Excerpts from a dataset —
+ + + +
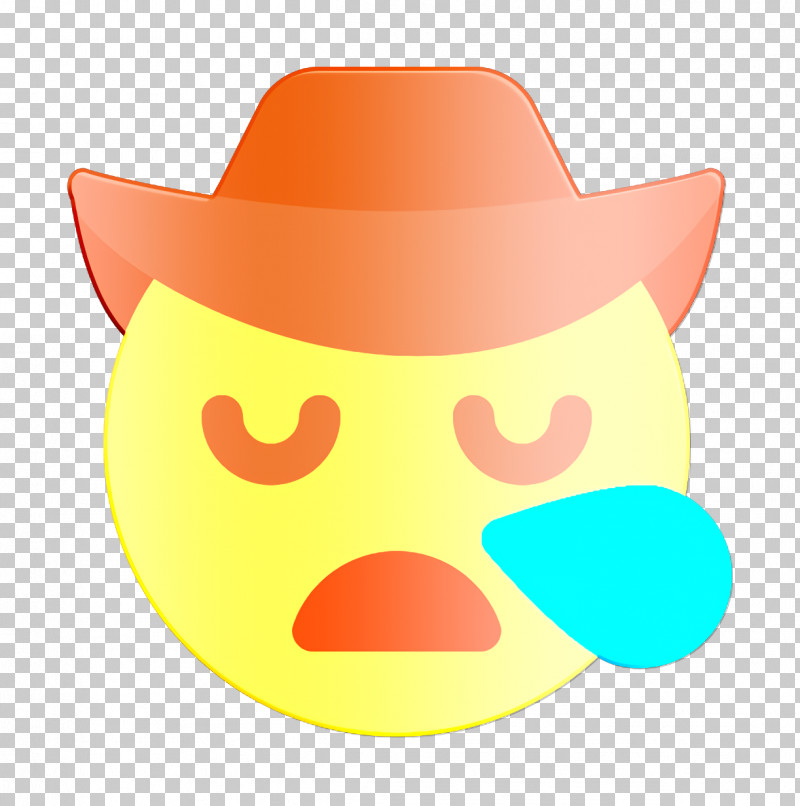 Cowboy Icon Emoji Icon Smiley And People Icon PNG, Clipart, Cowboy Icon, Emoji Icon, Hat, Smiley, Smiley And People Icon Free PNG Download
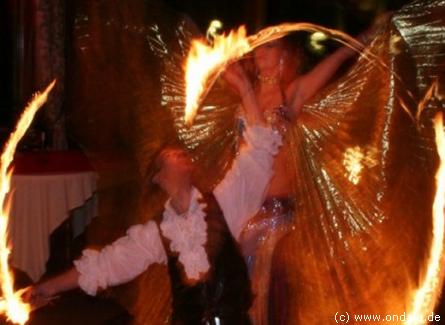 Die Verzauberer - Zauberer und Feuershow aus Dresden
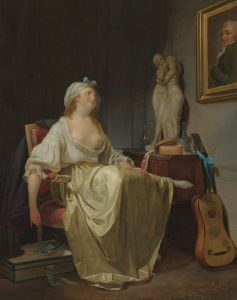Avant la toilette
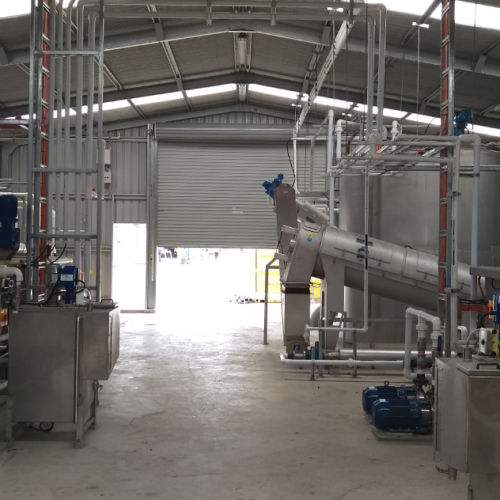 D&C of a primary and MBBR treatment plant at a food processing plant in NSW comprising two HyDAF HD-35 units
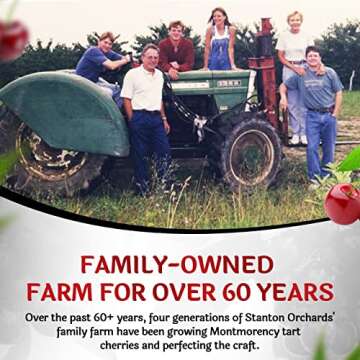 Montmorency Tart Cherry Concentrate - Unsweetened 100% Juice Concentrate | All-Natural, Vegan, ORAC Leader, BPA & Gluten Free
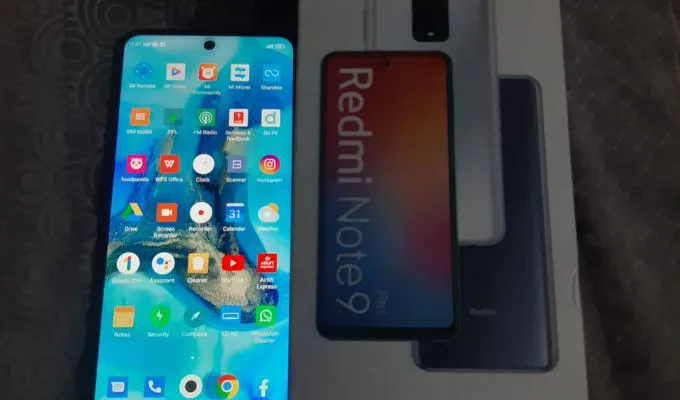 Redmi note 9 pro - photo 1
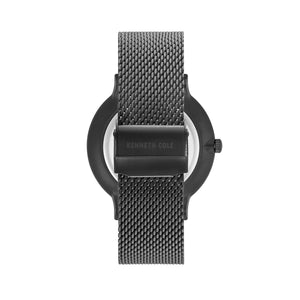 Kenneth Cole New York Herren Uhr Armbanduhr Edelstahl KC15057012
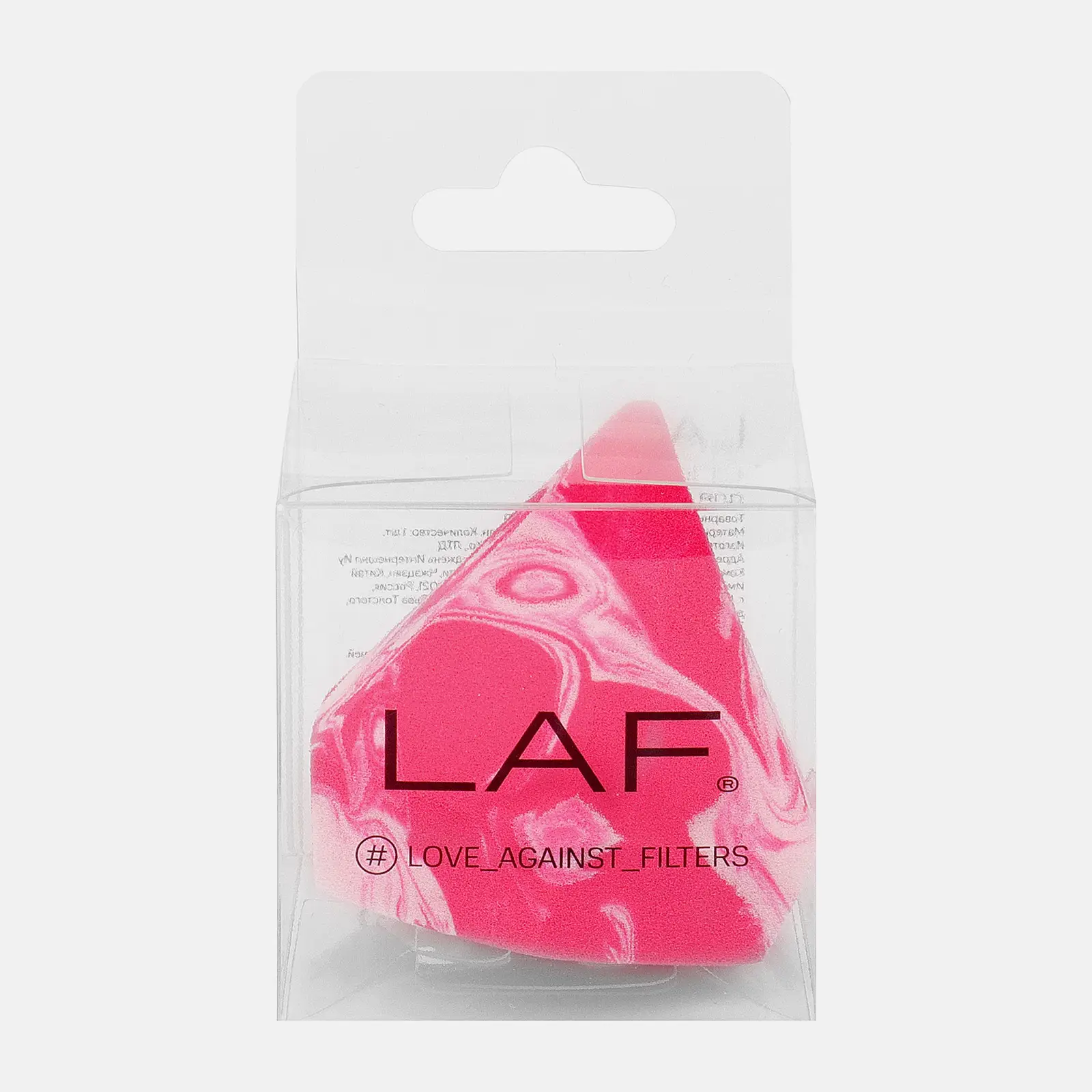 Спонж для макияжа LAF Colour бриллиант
+ + + +
Repeat only the lines from the one with "Redmi note 9 pro - photo 1" through the end of the data, both included and exactly as written. Pictures stay out of the copy.

Answer for the task —
 Redmi note 9 pro - photo 1
 Kenneth Cole New York Herren Uhr Armbanduhr Edelstahl KC15057012
 Спонж для макияжа LAF Colour бриллиант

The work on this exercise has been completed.